Bitcoin has pulled back a bit after briefly approaching the $80,000 mark on Tuesday.
At the time of writing, it was trading at $77,794, still up 0.4% over the last 24 hours, after reaching a high of $79,388 before gradually declining during the overnight session.
The 24-hour low of $77,464 was set on Thursday morning, meaning the entire range of the move was around $1,900. Ether (ETH) was down 0.7% at $2,344, XRP (XRP) was down 1.7% at $1.42, solana (SOL) was down 1.5% at $85.83, and BNB was down 0.6% at $635.
Brent crude held above USD 95 per barrel as the US maintained its naval blockade of ships going to and from Iranian ports while Iran kept the strait closed to almost all other international traffic. Iranian gunboats fired on commercial ships in the waterway on Wednesday.
Trump’s April 7 ceasefire remains in place “indefinitely,” but Vice President JD Vance’s planned Tuesday trip to Islamabad was canceled after Iran declined to send a delegation. White House press secretary Karoline Leavitt said Trump has not set a firm deadline for an Iranian proposal.
The deviation in the top 10 supports the position reading.
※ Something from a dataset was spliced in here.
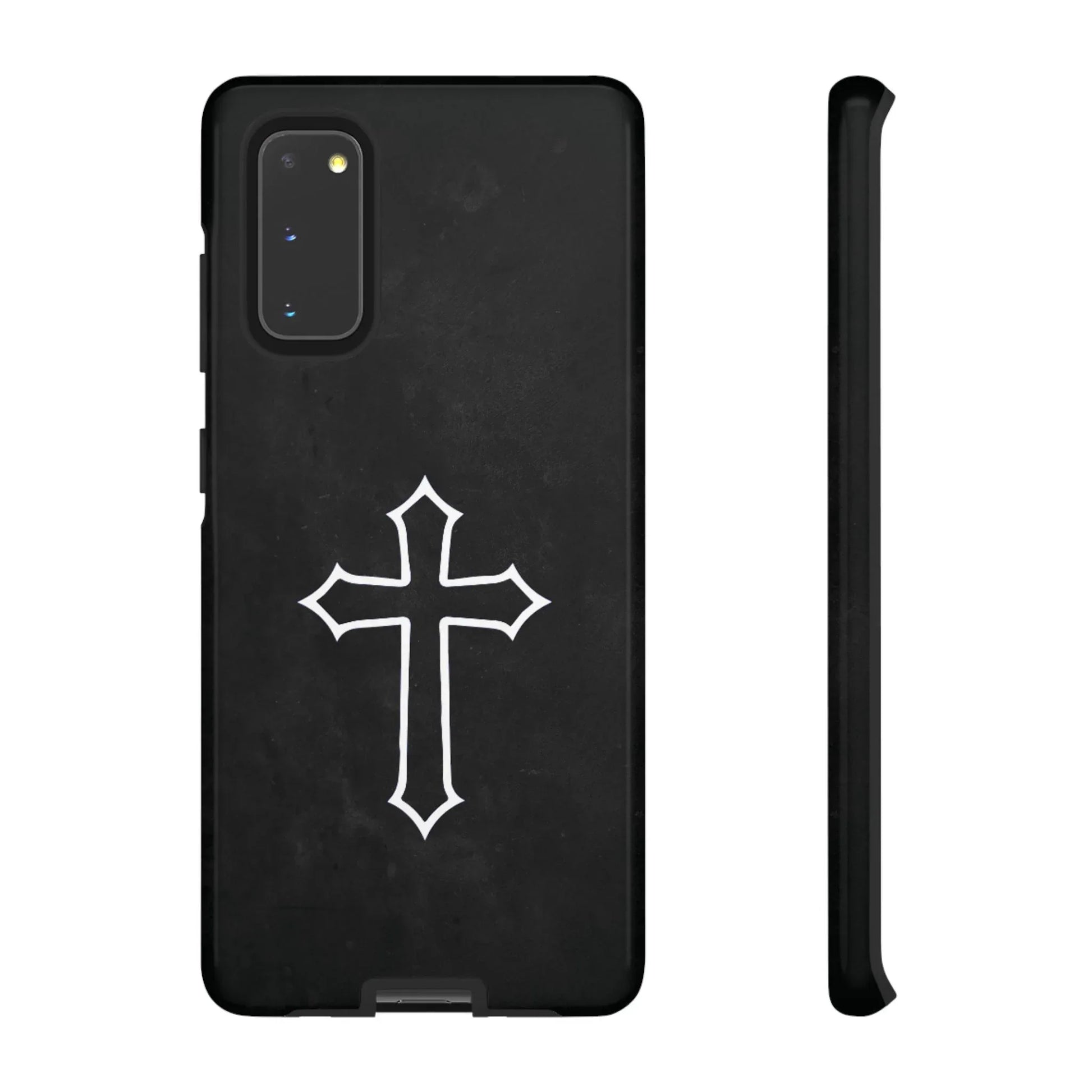Black Christian Cross Phone Case - Glossy Edition - Sheep Of Jesus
Bitcoin is up 4% on the week, every other major is within 2% in both directions, with ether and solana actually down.
When a rally concentrates on one asset while the rest of the complex fades, the source of the bid is usually narrow rather than broad.
Bitpanda CEO Lukas Enzersdorfer-Konrad took the opposite view, arguing that the overnight push towards $80,000 signals maturity and robustness in the digital asset industry underpinned by institutional participation and a clearer regulatory framework.
That framework is harder to reconcile with a market where bitcoin leads alone amid thin altcoin participation and where funding rates have been negative for about 47 consecutive days, one of the longest stretches of bearish derivatives positioning on record.
A drop below $76,000 would mean the $79,388 high was printed at the top of this leg, and the next move requires either genuine Iran progress or a shift in the funding rate picture that pulls real capital back.